For herds using AI, the success or failure of the breeding season is at least somewhat in your own hands. The farmer is in full control of both heat detection and the timing of AI.

As the season progresses, you will know if you are hitting the targets set out for the herd at the outset. If targets are not being met, you can intervene quite quickly to rectify the situation.

However, for herds not using AI, you have outsourced these important jobs to the stock bull. Unfortunately, his record keeping is not always up to scratch.

One in four bulls will be sub-fertile at some point in their lifetime. If this happens to your bull during this breeding season, when are you going to find out? If the answer is scanning time, then it is going to be a costly experience.

Keeping records

Timing is everything – the sooner you realise there is a problem, the sooner you can fix it.

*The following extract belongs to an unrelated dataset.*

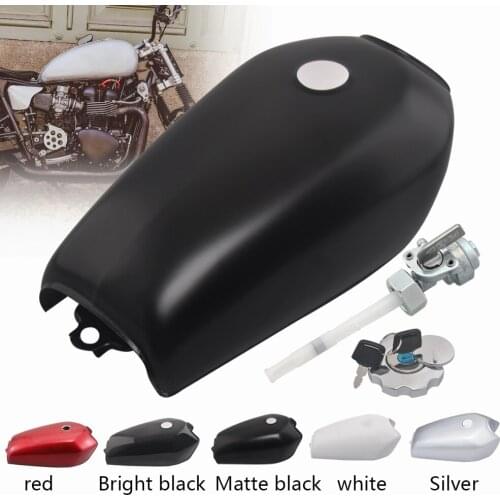 9L 2.4 Gal Motorcycle Fuel Oil Gas Tank Cafe Racer Vintage With Cap For Honda CG125 CG125S CG250 models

Every day you herd cattle and see a cow bulling you should mark it in the calendar on your phone. Then if you see that cow bulling again, you will know that there is something up.

Many farms have an extended calving spread due to a problem with a bull at some point.

Tightening the spread

There are many benefits to a tighter calving period – less time spent in the calving shed, a more even batch of calves to sell and less bullying in the group, to name just a few.

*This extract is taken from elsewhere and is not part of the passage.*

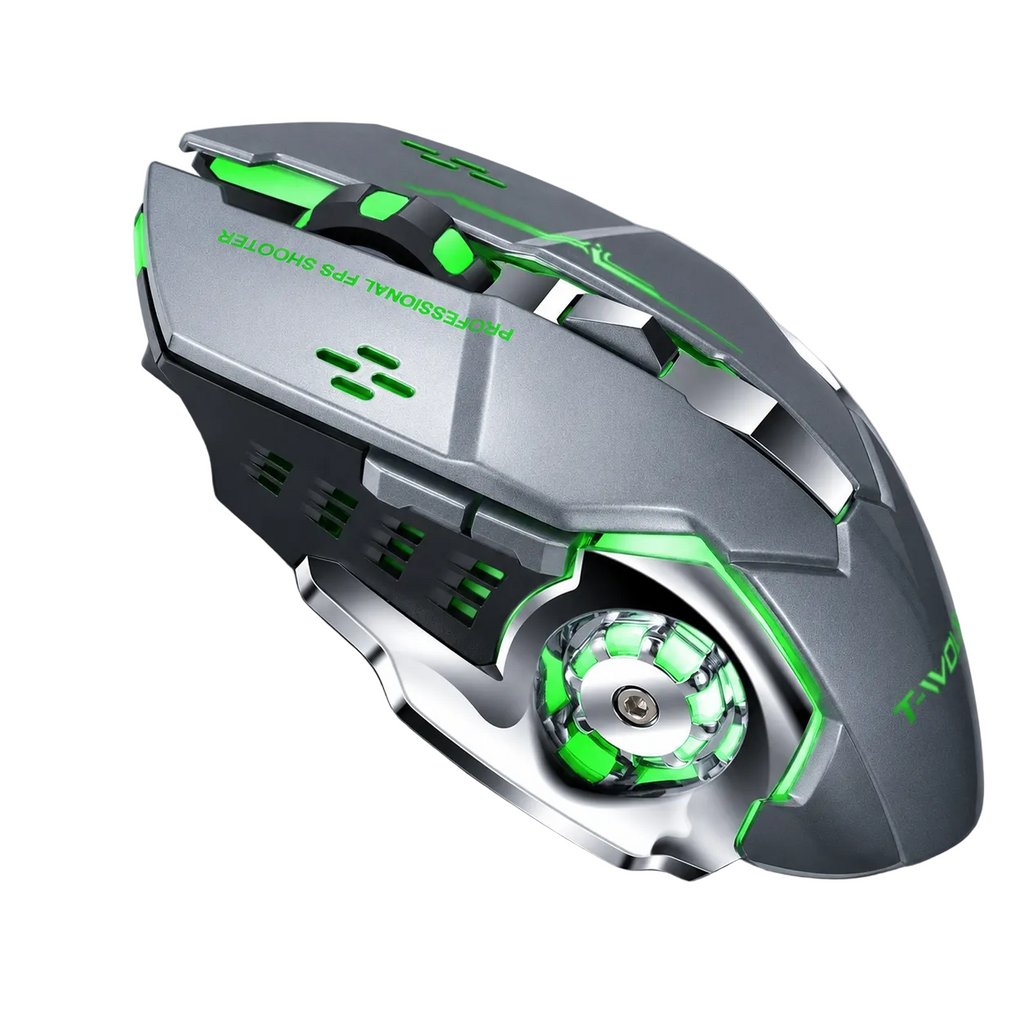 Souris gaming sans fil 2400 DPI rétroéclairée ergonomique à 6 boutons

This is not something that you will fix in one year. Assess where your herd is at the moment and try to reduce this by a week to 10 days for next year.

If you are at 15 weeks this year, aim to have it at 12 weeks in two years and perhaps nine weeks in five years.

Obviously, there are many factors that affect how soon a cow will come bulling post-calving.

Calving ease is a big one. Cows that have a harder calving will be slower to come back bulling. Nutrition is another – cows need to be on a rising plane of nutrition between calving and the onset of breeding.

When breeding heifers, give them just six weeks with the bull – in this way you are constantly selecting for the most fertile animals in the herd. Over a five-year period you will make serious improvements in your herd fertility.